Note that word "world". Not USA but world. Sadly, it's very easy to understand her mistake.
Wasting bandwidth, from Thinking Through My Fingers, comments that we consume news instead of coöperating in its creation. He references Dr C's The Young - the corrupt - the forgotten. Sadly, they're both quite right.
Over the past week, BBC 4 (a TV station, nothing to do with Radio Four) has been rerunning Mickery & Percival's conspiracy thriller The State Within over five consecutive nights. In the final episode, the writers have one of their characters say something to the effect that "When Mom fills up her SUV at the gas station, with Junior in the back, she doesn't give one thought to how many people died for each gallon at the pump." Sadly, he's right.
The word "democracy" has its roots in Athens, at a time when every citizen (however inadequate their definition of "citizen") could go to the town square, hear the voices of other citizens, and make his own voice heard. We live in a time of mass communication; the word "democracy" cannot mean very much unless everyone of us has both the means and the will to hear and make our voice heard on that hugely larger stage.
Some mass media make more of an effort in this direction than others. Still not enough ... but then, those who make such attempts get very little support from us, the mass. The internet, the web, personal publishing, provide a means to place an individual voice in the public arena (the global village square), and that is important but not enough on its own: the chances of it being heard are tiny.

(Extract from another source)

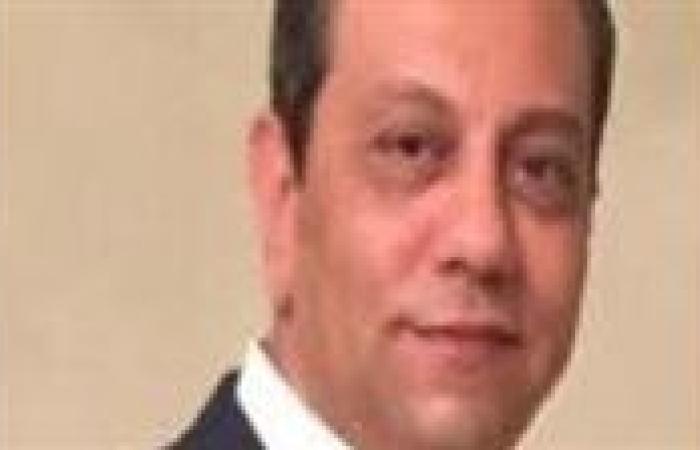 رئيس شعبة الملابس الجاهزة: تخفيضات الاوكازيون أحدثت رواجا بسوق الملابس الجاهزه بقنا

When significant numbers of citizens unite in a single voice, their significance depends on their geography. Roughly a million British citizens (roughly 2.5 percent of the total electorate, 4% of a typical general election voter turnout) taking to the streets against the invasion of Iraq, for example, slowed the rush to war by a fraction. The same number turning out in the US, had it happened, would probably have had a greater effect despite representing only 0.5% or 0.8% respectively. The same number of citizens in Arab or other Moslem countries doesn't even make the news in western liberal democracies.
Nevertheless ... until both populations and power structures address the need for every citizen to have a voice which is in some effective way heard by both sides, there will be little in principle to distinguish mass democracy from luxurious feudalism.